Work instructions → Word for word, please restate the line containing "Mackie EM-91C Studio" and all the lines that follow it to the end of the data.

[Records from a dataset]
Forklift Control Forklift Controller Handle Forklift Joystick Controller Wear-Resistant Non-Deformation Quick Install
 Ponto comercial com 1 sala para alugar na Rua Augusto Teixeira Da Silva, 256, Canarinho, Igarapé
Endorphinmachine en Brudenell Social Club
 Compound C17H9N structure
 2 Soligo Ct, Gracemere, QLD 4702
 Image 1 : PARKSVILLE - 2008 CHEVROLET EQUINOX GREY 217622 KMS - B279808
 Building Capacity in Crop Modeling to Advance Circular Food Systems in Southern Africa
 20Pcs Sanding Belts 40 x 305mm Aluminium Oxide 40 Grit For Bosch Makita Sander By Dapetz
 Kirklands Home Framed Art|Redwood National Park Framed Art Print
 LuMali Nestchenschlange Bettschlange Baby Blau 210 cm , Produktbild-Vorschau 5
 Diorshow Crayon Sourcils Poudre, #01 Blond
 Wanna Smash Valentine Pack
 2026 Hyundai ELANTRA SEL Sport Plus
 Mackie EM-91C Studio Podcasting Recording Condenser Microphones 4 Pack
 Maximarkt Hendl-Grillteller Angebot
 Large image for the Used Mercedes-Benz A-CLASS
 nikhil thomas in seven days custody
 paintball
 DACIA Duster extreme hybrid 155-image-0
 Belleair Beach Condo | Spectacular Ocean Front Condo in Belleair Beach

Answer to the problem →
 Mackie EM-91C Studio Podcasting Recording Condenser Microphones 4 Pack
 Maximarkt Hendl-Grillteller Angebot
 Large image for the Used Mercedes-Benz A-CLASS
 nikhil thomas in seven days custody
 paintball
 DACIA Duster extreme hybrid 155-image-0
 Belleair Beach Condo | Spectacular Ocean Front Condo in Belleair Beach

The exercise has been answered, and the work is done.